Internship: Jersey City Medical Center, Jersey City, NJ

Board Certification: American Board of Internal Medicine

Doctor ‘Ernie’ Levister was born in Harlem, New York. He grew up in the Harlem River Projects, the first low rent, federally subsidized housing community in New York City. At age 5, Levister became fascinated with the nearby landmark McCombs Dam swing bridge connecting Manhattan with the Bronx which inspired him to become an engineer.

His father, a postal employee and youth baseball coach, his mother a nurse and homemaker saw education as a necessary pathway out of poverty and racial-social inequality. Young Levister was held back in the first grade. This was his wakeup call.
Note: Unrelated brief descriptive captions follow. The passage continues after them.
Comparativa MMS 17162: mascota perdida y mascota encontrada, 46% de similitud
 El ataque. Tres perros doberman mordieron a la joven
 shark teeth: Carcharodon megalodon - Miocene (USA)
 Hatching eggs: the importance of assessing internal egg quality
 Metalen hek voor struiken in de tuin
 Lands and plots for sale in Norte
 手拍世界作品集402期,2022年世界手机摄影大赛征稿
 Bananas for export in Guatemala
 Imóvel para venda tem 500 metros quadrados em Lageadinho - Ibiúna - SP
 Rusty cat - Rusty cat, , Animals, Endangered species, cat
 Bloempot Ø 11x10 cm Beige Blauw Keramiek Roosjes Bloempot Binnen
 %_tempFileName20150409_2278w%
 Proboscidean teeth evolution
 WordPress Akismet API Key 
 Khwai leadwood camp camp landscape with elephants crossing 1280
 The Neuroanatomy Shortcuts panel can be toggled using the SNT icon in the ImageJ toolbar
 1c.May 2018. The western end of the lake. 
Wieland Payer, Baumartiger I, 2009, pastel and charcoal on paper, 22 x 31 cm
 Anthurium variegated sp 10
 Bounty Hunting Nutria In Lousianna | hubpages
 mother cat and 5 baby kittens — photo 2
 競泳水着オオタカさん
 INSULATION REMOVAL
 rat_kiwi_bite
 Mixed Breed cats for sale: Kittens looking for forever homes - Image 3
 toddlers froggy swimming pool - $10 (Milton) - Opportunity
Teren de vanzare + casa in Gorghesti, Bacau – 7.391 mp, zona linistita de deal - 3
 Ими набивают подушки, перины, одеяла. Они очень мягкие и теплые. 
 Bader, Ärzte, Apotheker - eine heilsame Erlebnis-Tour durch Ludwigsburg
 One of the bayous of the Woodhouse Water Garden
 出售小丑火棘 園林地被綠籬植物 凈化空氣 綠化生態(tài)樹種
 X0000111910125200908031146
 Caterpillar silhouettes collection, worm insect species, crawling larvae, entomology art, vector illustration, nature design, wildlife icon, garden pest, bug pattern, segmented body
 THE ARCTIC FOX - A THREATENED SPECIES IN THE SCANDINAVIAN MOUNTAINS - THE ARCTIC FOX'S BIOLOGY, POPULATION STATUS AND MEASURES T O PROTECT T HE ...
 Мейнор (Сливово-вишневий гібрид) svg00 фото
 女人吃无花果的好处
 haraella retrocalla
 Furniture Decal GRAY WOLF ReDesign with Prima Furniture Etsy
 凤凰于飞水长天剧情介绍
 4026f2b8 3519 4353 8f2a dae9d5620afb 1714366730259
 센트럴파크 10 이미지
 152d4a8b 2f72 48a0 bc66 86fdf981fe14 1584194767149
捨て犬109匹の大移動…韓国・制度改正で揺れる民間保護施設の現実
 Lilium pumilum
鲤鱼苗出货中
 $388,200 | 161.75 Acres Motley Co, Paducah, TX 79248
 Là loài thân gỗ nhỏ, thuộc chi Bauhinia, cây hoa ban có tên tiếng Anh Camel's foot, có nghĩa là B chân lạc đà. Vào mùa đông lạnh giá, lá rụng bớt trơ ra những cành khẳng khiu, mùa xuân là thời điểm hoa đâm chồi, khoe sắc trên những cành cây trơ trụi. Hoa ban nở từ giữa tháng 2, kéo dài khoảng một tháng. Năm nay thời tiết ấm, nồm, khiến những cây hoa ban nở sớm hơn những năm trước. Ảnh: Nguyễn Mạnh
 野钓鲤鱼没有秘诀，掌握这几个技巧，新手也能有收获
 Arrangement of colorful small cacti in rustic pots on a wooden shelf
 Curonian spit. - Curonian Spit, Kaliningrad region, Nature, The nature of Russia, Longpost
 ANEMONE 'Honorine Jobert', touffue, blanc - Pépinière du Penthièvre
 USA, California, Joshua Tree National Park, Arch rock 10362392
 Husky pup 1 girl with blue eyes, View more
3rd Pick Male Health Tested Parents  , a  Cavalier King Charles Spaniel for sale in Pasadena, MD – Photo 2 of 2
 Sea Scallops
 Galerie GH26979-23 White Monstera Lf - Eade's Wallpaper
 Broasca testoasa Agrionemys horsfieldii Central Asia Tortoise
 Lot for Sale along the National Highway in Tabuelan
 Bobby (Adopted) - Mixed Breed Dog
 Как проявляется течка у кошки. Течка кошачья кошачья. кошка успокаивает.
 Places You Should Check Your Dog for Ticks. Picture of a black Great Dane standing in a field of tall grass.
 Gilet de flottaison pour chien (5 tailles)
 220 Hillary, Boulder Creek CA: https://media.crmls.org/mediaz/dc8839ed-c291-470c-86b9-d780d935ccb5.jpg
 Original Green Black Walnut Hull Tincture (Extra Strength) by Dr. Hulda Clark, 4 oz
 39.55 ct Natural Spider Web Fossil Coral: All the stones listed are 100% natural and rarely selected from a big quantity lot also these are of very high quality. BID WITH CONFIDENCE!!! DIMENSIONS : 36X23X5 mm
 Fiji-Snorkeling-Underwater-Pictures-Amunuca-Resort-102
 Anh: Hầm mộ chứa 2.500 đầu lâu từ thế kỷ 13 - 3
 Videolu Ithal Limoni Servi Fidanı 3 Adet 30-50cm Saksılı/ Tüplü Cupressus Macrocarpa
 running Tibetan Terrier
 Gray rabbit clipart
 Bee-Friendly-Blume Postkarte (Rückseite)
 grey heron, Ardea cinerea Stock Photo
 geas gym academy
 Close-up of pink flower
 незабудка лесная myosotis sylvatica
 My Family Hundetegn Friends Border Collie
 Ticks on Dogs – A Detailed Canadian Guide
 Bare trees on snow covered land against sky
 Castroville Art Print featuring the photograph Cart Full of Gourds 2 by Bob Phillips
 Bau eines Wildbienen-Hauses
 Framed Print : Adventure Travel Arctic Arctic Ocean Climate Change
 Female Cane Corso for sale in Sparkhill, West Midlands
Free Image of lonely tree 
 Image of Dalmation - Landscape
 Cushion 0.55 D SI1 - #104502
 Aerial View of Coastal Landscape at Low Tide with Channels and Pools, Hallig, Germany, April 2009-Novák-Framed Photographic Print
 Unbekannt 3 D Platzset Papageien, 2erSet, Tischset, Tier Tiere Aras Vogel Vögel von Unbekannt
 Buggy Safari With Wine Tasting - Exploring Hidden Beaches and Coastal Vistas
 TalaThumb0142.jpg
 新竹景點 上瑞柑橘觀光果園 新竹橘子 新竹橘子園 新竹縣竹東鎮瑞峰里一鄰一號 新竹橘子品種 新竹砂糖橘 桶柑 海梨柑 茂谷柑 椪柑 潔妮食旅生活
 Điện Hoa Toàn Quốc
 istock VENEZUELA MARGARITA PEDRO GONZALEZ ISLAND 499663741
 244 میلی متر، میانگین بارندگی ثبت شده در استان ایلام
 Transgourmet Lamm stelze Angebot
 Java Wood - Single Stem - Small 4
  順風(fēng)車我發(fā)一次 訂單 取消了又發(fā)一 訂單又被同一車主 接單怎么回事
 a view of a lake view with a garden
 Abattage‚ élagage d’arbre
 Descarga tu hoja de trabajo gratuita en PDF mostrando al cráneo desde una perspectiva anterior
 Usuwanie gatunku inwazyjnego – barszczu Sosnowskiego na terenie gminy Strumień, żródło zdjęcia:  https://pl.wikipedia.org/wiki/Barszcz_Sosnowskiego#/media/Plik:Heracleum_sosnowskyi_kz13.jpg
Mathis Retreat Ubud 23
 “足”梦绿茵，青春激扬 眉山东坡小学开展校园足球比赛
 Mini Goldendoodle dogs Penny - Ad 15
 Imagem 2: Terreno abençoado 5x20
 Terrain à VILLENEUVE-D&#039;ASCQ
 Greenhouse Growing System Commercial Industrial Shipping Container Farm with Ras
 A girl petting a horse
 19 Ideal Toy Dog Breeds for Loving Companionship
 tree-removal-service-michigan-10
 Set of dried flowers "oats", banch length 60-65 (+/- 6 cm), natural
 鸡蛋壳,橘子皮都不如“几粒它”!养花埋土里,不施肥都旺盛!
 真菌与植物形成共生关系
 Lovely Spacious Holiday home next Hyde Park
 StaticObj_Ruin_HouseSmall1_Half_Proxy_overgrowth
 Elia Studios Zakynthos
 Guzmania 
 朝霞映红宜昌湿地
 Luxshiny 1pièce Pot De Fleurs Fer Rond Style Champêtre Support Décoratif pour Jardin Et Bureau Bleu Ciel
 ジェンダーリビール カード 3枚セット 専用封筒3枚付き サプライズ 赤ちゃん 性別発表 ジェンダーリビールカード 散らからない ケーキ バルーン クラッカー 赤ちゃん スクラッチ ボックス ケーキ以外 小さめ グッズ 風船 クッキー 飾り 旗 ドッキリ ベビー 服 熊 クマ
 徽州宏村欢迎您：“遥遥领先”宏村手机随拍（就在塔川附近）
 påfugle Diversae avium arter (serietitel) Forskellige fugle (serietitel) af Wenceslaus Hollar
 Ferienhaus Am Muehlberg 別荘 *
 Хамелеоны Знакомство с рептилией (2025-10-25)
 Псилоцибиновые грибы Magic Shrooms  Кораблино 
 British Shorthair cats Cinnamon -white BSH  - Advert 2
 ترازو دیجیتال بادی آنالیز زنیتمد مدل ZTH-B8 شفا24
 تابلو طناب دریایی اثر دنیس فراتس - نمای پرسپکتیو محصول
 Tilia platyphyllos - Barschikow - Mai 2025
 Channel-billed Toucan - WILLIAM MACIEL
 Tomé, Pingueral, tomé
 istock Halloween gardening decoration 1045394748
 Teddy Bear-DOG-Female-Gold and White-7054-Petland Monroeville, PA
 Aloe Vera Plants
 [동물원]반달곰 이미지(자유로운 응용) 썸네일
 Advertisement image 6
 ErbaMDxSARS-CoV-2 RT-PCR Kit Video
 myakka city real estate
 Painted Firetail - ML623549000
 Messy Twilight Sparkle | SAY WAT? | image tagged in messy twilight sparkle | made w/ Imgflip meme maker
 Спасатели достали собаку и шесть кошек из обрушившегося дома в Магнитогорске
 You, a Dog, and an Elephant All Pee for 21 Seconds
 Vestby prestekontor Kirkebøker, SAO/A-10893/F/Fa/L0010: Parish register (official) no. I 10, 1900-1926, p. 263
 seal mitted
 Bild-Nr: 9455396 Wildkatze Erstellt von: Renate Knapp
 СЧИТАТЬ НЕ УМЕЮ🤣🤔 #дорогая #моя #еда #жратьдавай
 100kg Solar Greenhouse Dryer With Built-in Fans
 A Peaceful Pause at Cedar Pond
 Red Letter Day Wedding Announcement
After negotiating to attend summer school, he became focused on how things work through the application of science and math to solve problems. He became the first Black in the United States to complete the newly created national 3/2 liberal arts engineering program. He graduated with an AB in Chemistry from Lincoln University, the United States’ first degree-granting Historically Black College or University (HBCU). He was the second Black to graduate with an engineering degree from Lafayette College since 1826 and joined the 0.5% of Black engineers in America.

Levister became an instructor at the former Tuskegee Institute School of Engineering and subsequently became a production engineer for the RCA semiconductor division. He graduated from Howard University College of Medicine and completed residence programs in Internal Medicine and Cardiology. He served as a Major in the US Army Medical Corp stationed in Germany and was a Foreign Service Corps Officer in the U.S. State Department domiciled in Lagos Nigeria. He was credential to five West African nations. Levister served as a Clinical Assistant Professor of Medicine at George Washington University School of Medicine and Eastern Virginia College of Medicine and practiced medicine in Norfolk, Virginia before moving to Southern California.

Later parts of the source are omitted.